In 2006, an estimated 9,200 people were injured by fireworks in the United States and had to be treated in a hospital emergency room according to the National Fire Protection Association (NFPA).

“When handled by professionals, a fireworks show may look easy, but each year they cause injury, death and property damage because of misuse and accidents,” said Jim Greeson, State Fire Marshal.

In March of 2006, Governor Mitch Daniels signed a new law that will help fund important public safety programs around the state, such as firefighter training, through the collection of a 5-percent safety fee on the sale of all fireworks. The law also includes requirements regarding where and when consumers can set off fireworks, as well as requirements for structures where fireworks are sold.

“Hoosiers need to remember that restrictions are in place regarding the use of fireworks, as well as the possible penalties for violators,” Greeson added. “We want to stress the personal responsibility of each fireworks consumer. Obey our laws, follow directions for safe use and apply common sense.”


Fireworks law provisions:

• Fireworks may be used only on the user’s property; or on the property of someone who has consented to the use of fireworks; or at a special discharge location.

• Fireworks can be purchased only by persons 18 years of age or older and children may possess or use any kind of firework only when an adult is present.

• Penalties for violating the fireworks law can range from a Class A misdemeanor up to a Class C felony in the case of the reckless or intentional use of fireworks that results in a person’s death.

• On Memorial Day, the 4th of July, Labor Day and New Year’s Eve, fireworks may be discharged from 9 a.m. to midnight. Any other day of the year fireworks may be discharged from 9 a.m. to 11 p.m. Local laws may further affect fireworks use.


U.S. Consumer Product Safety Commission data shows that in 2006, approximately 1,300 people were injured by fireworks. In addition, approximately 1,000 people were injured by sparklers and 800 by bottle rockets.


The IDHS Fire & Building Safety Division recommends Hoosiers check the fireworks they purchase to ensure they contain the following information:

• Class “C”

• Consumer Fireworks

• 1.4 g

“If you find a package that you cannot read because it is in a foreign language, it says Class ‘B’ fireworks, or 1.3 g, we strongly encourage you to call the CPSC hotline (800-638-2772),” Greeson added.


Facts (According NFPA statistics)

• Approximately 95-percent of all fireworks are produced in China.

• In 2006, 49% of emergency room fireworks-related injuries were to the extremities and 46% were to the head.

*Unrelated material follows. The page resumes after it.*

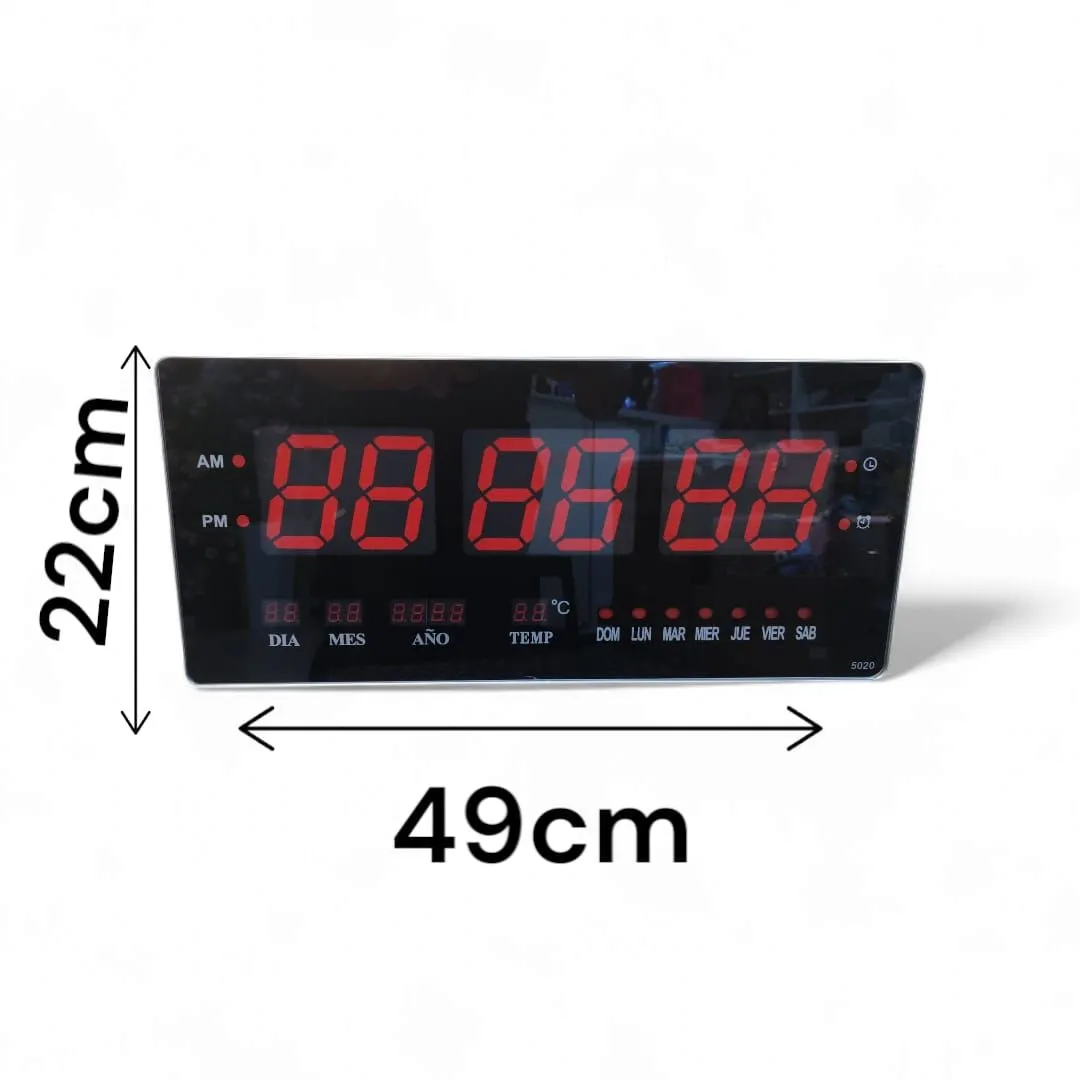 Reloj Digital de Pared con Cronómetro y Control 48x19cm — Relojes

• 55% of the 2006 fireworks injuries were burns, while 30% were contusions and lacerations.

• One-third of the people injured by fireworks were under the age of 15.

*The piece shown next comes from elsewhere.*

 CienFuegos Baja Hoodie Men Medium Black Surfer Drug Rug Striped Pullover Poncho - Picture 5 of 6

• The risk of fireworks injury was two-and-a-half times as high for children ages 10-14 as for the general population.

• Sparklers, fountains, and novelties alone accounted for 28% of the emergency room fireworks injuries in 2006.


If you choose to use fireworks, the IDHS Fire & Building Safety Division suggests following these important safety tips:



• Obey local laws, including ban of fireworks due to drought.

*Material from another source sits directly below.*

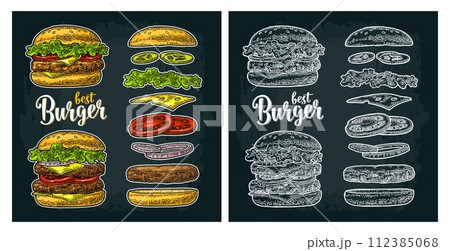 Burger with flying ingredients on white background. Vector black vintage engraving Burger with flying ingredients on white background. Vector black vintage engraving 112385068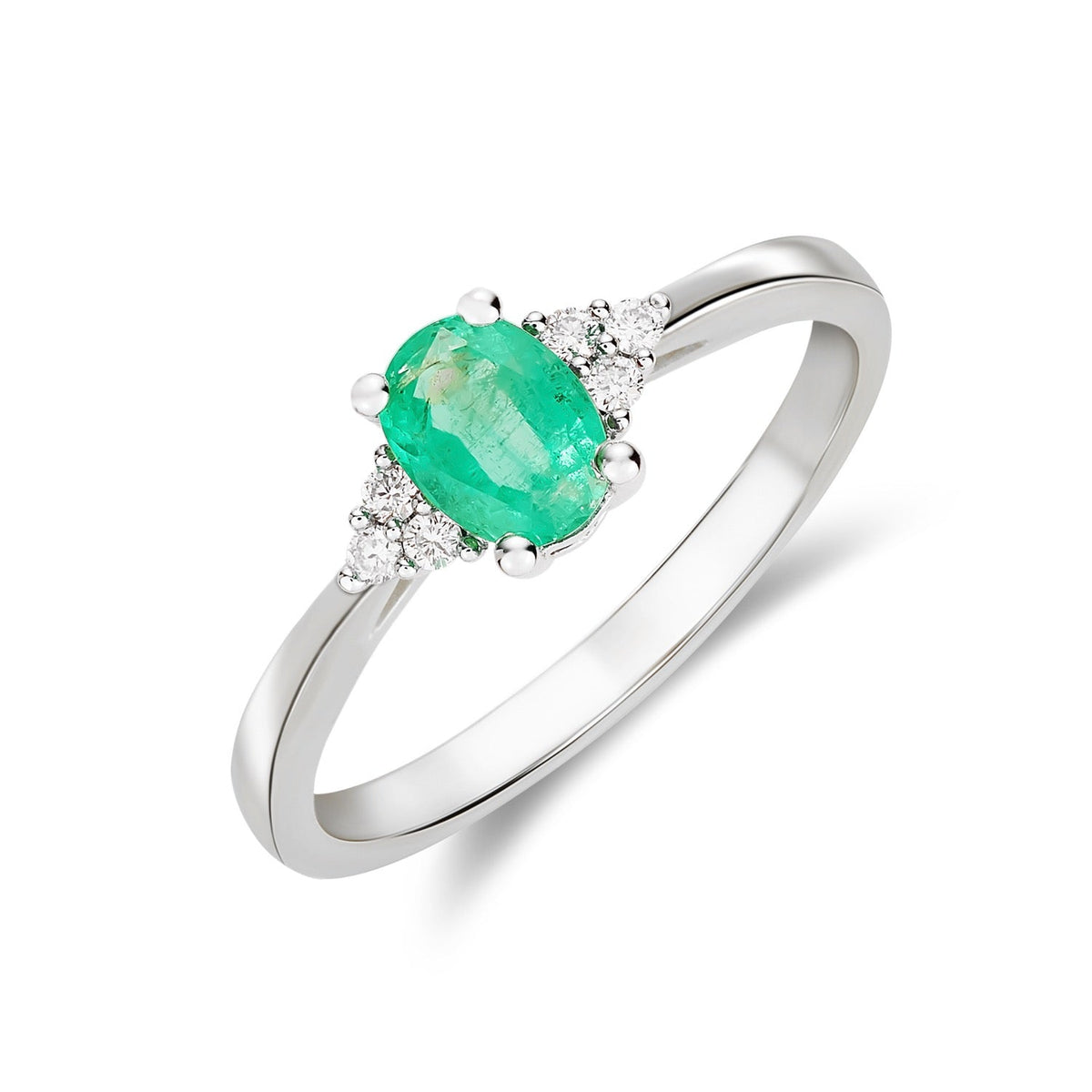 9ct White Gold Oval Natural Emerald & Natural Diamond Trefoil Ring — 7×5mm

• Buy fireworks from a reliable, licensed dealer.

• Read and follow all directions.

• Do not alter any fireworks or attempt to make fireworks.

• Store fireworks in a cool, dry place away from the reach of children.

• Safety glasses are recommended for the person lighting or nearby the fireworks, such as a helper.


Location and Conditions

• Keep a fire extinguisher, water supply, hose or bucket of water nearby.

• Use fireworks outdoors, never indoors.

• Use in a clear, open area.

• Keep spectators a safe distance from the show.

• Be cautious of lighting any fireworks during strong wind conditions and light fireworks with prevailing wind blowing away from the spectators.


Fireworks Use

• Don’t allow children to handle, play with, or light any fireworks.

• Designate one person to ignite fireworks.

• Light only one firework item at a time.

• Never attempt to re-light, alter or fix any fireworks.

• Never smoke when handling fireworks.

• Drinking alcohol and using fireworks do not mix.

• Never aim, point or throw fireworks at another person.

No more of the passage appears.